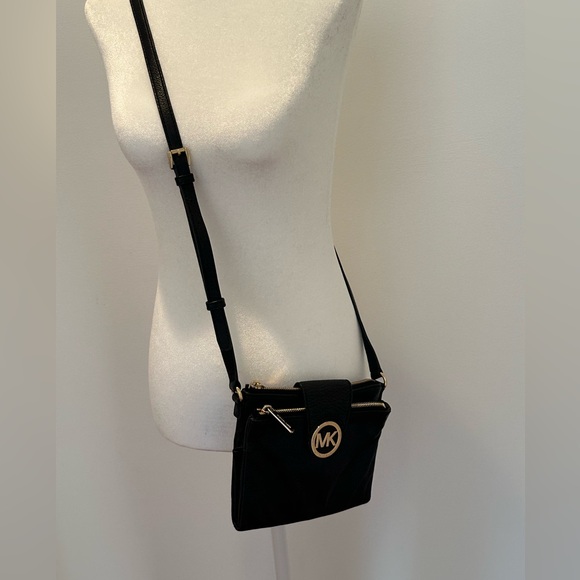 Micheal Kors Black Pebble leather multi pocket adjustable strap crossbody bag - Picture 1 of 6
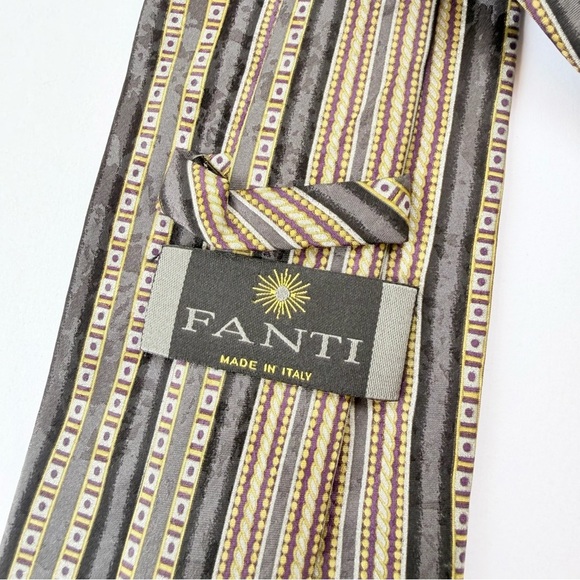 Men’s Fanti Designer Italian Silk Necktie - Picture 4 of 5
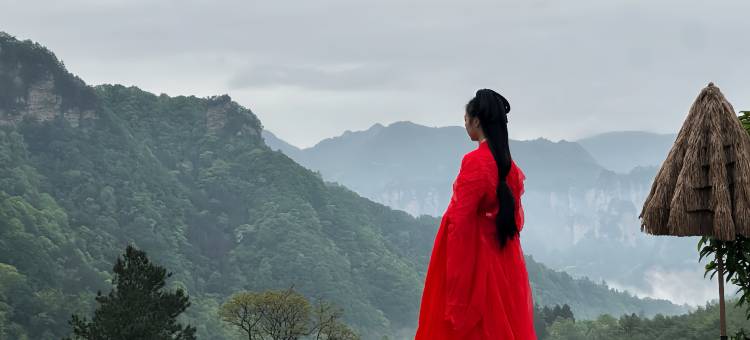 山谷恋·ValleyLove度假观景民宿(张家界森林公园梓木岗中门店)图片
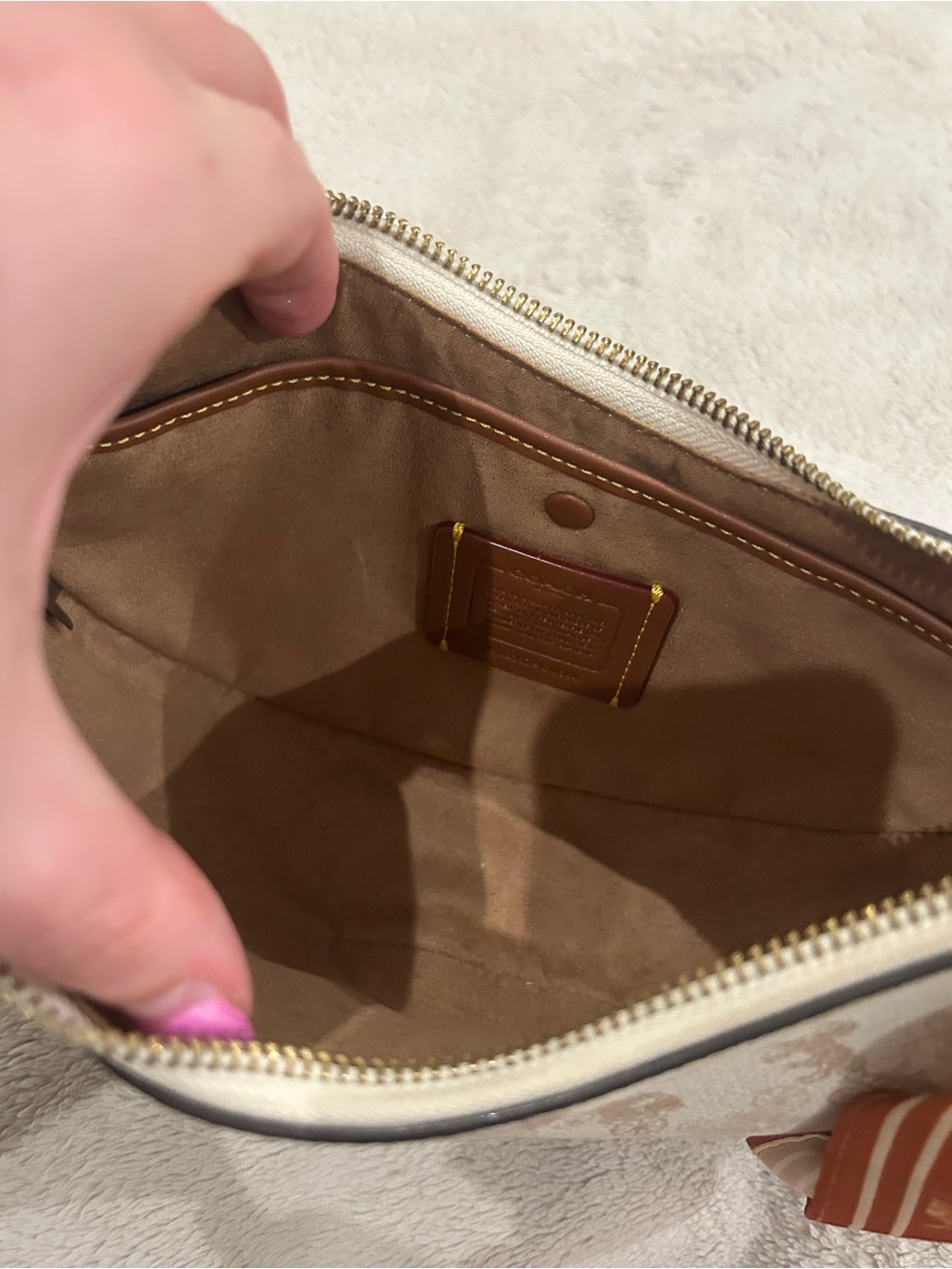 RARE Coach Mira Bag. Horse & Carriage Print. Gold Hardware. - Picture 6 of 10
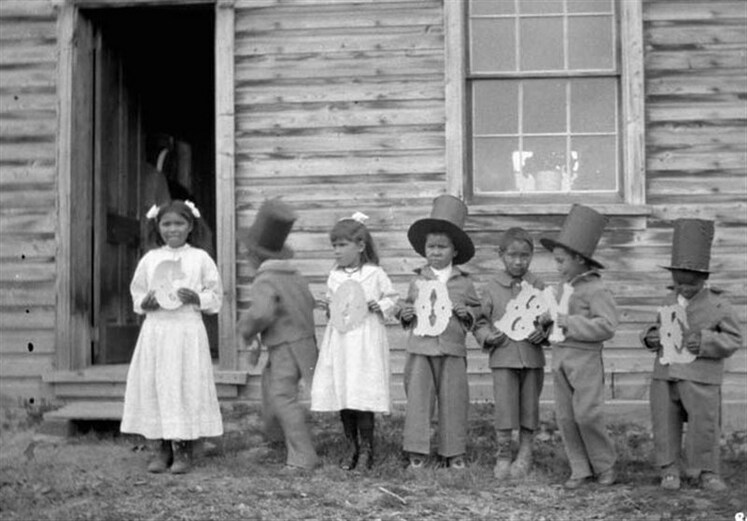 کشف گورجمعی کودکان بومی کانادا/ نبش قبر از یک «نسل‌کشی فرهنگی»_fororder_1400031815342986122933964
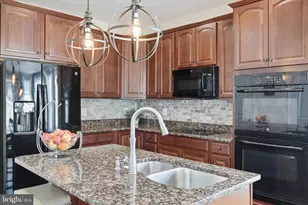 224 Courier Dr, Charles Town, WV 25414 - Photo 18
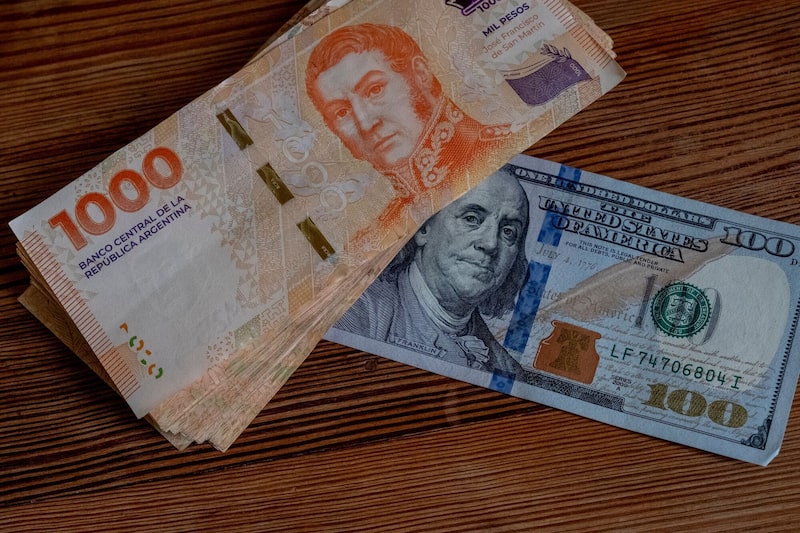 Traders apuestan a que Milei aplastará inflación del 200% al 25% Traders apuestan a que Milei aplastará inflación del 200% al 25%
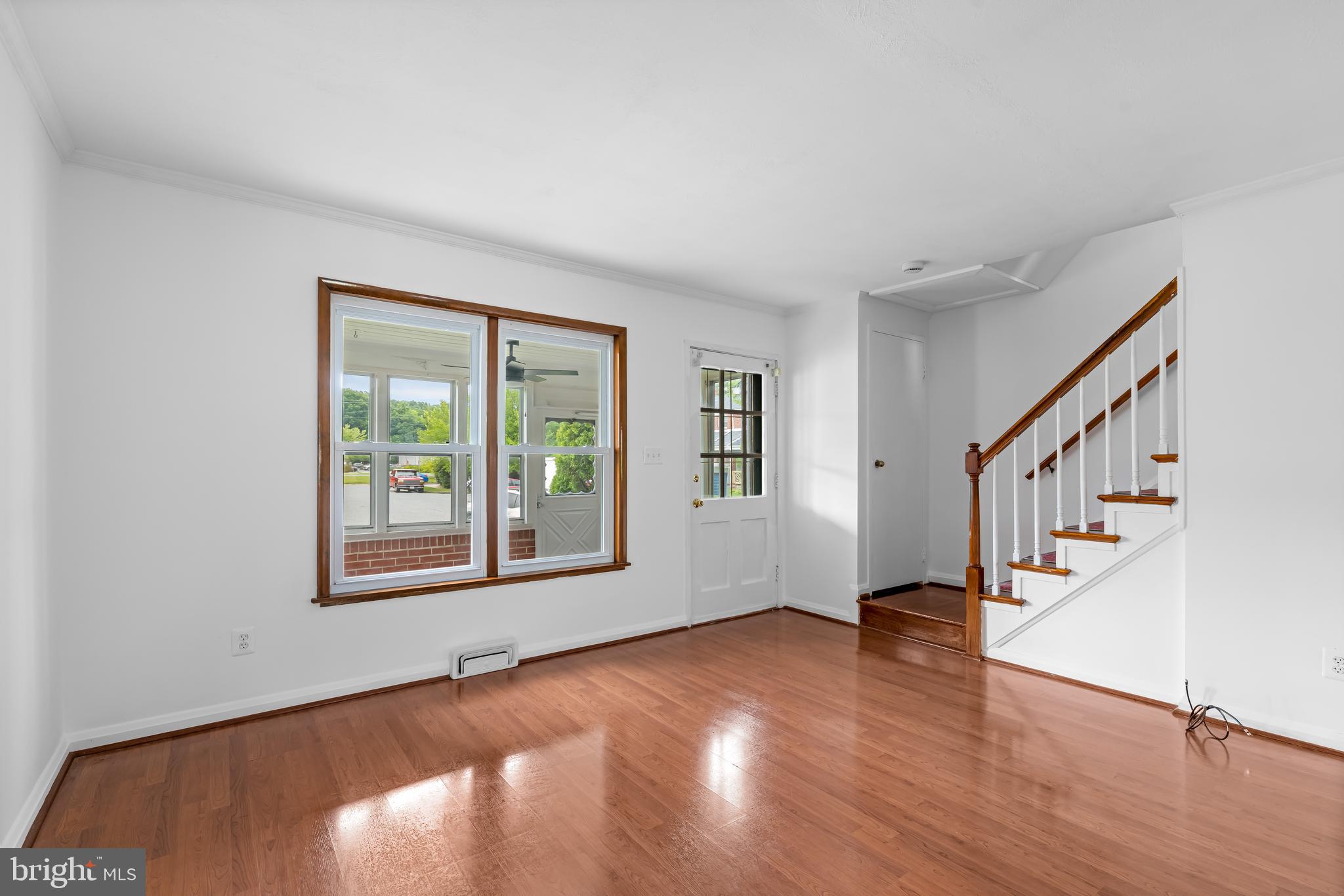 3317 BELSFORD COURT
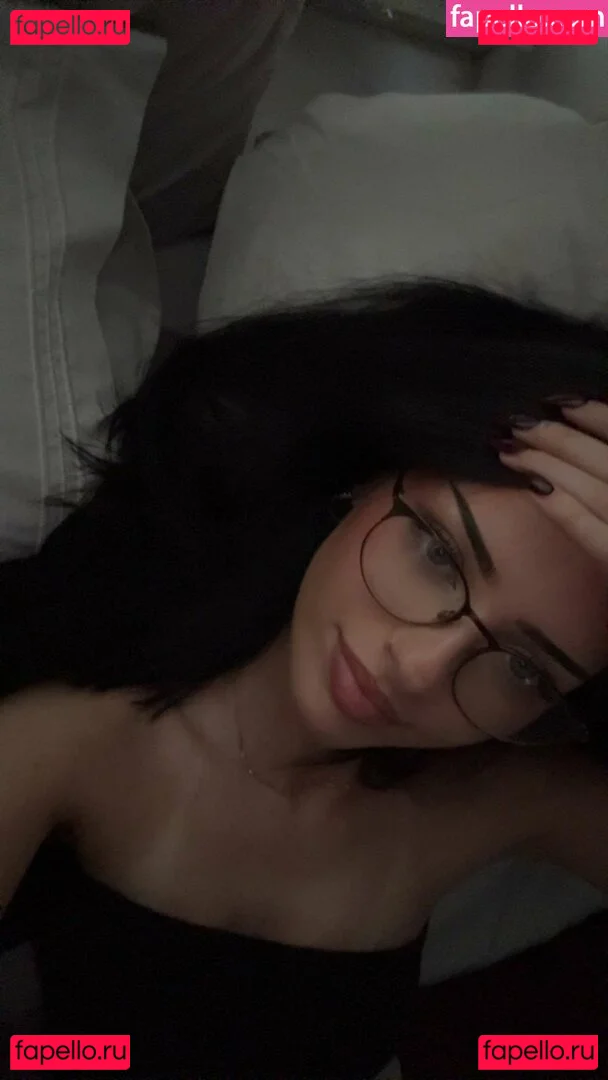 Lily Weber Onlyfans Photo Gallery 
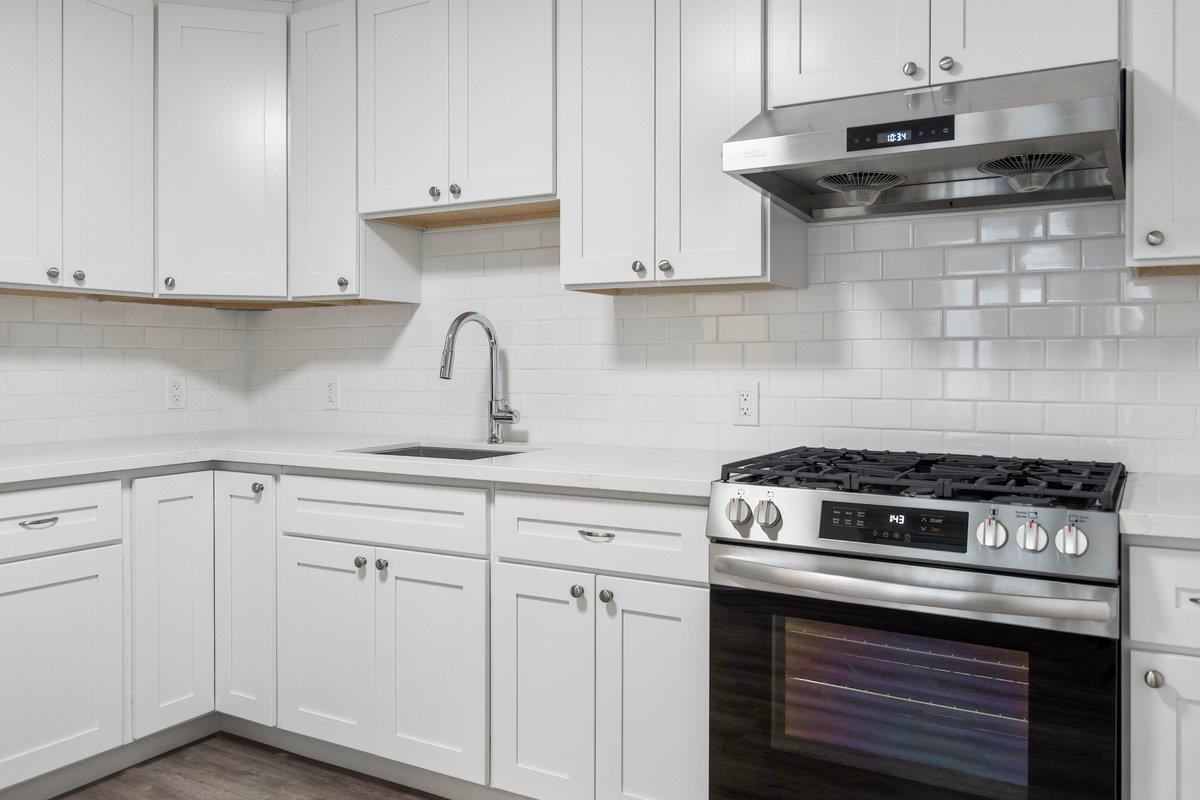 119 East Moltke Street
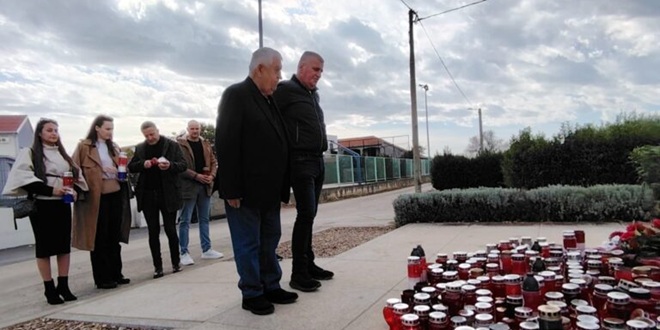 VIDEO: NA PUTU ZA VUKOVAR Bulj u Škabrnji zapalio svijeću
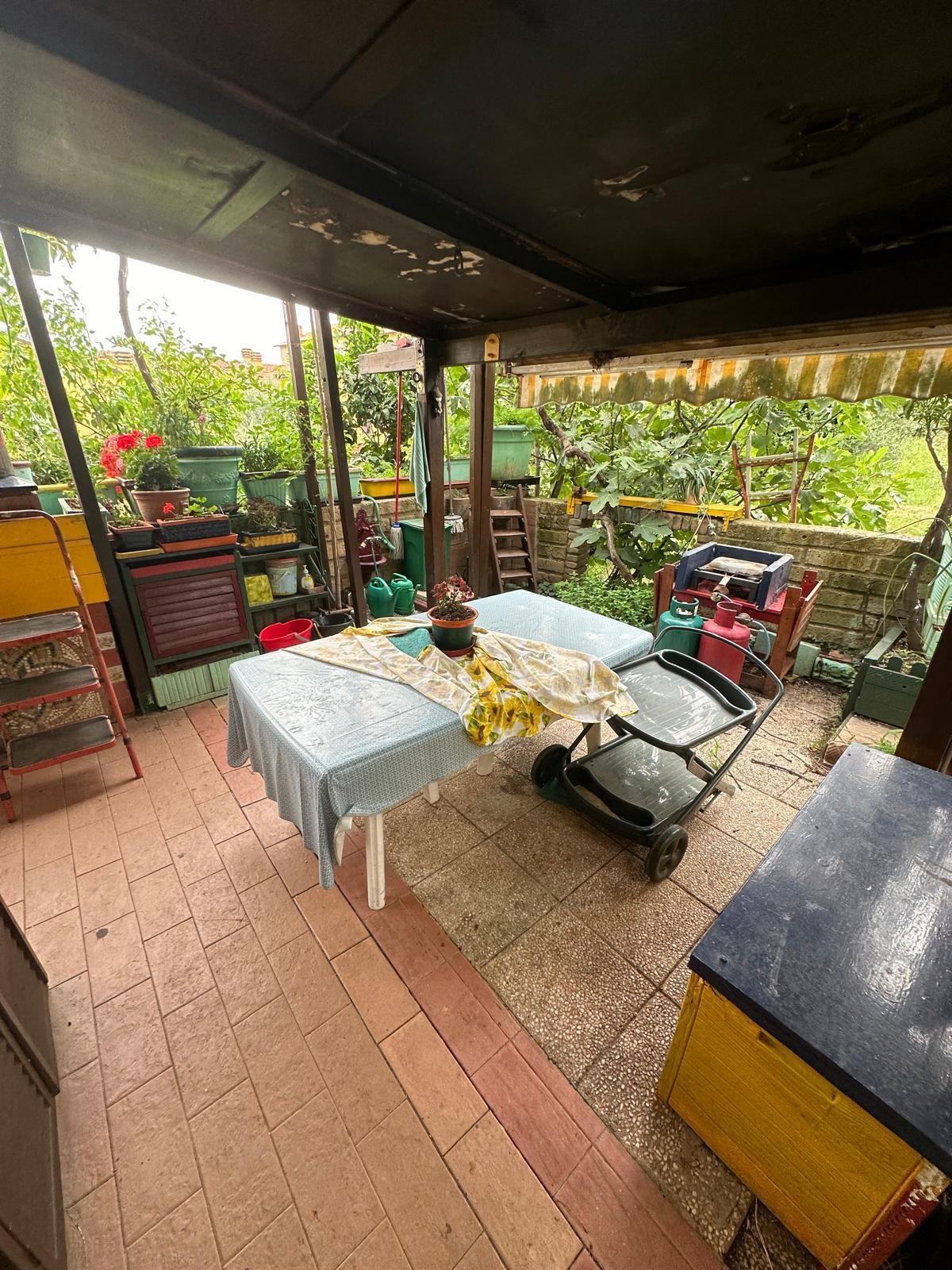 Villa con giardino a Campiglia Marittima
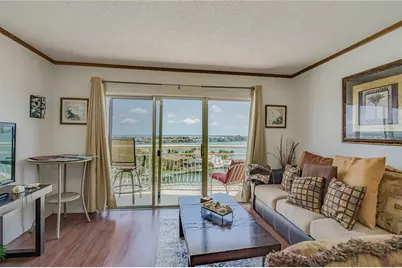 4900 Brittany Drive S #910, Saint Petersburg, FL 33715 - Photo 5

#####

* [INSTRUCTIONS TO FOLLOW]:
The material above is to be transcribed exactly, with its images omitted.

* [WORKED SOLUTION]:
 Micheal Kors Black Pebble leather multi pocket adjustable strap crossbody bag - Picture 1 of 6
 Men’s Fanti Designer Italian Silk Necktie - Picture 4 of 5
 山谷恋·ValleyLove度假观景民宿(张家界森林公园梓木岗中门店)图片
 RARE Coach Mira Bag. Horse & Carriage Print. Gold Hardware. - Picture 6 of 10
 کشف گورجمعی کودکان بومی کانادا/ نبش قبر از یک «نسل‌کشی فرهنگی»_fororder_1400031815342986122933964
 224 Courier Dr, Charles Town, WV 25414 - Photo 18
 Traders apuestan a que Milei aplastará inflación del 200% al 25% Traders apuestan a que Milei aplastará inflación del 200% al 25%
 3317 BELSFORD COURT
 Lily Weber Onlyfans Photo Gallery 
 119 East Moltke Street
 VIDEO: NA PUTU ZA VUKOVAR Bulj u Škabrnji zapalio svijeću
 Villa con giardino a Campiglia Marittima
 4900 Brittany Drive S #910, Saint Petersburg, FL 33715 - Photo 5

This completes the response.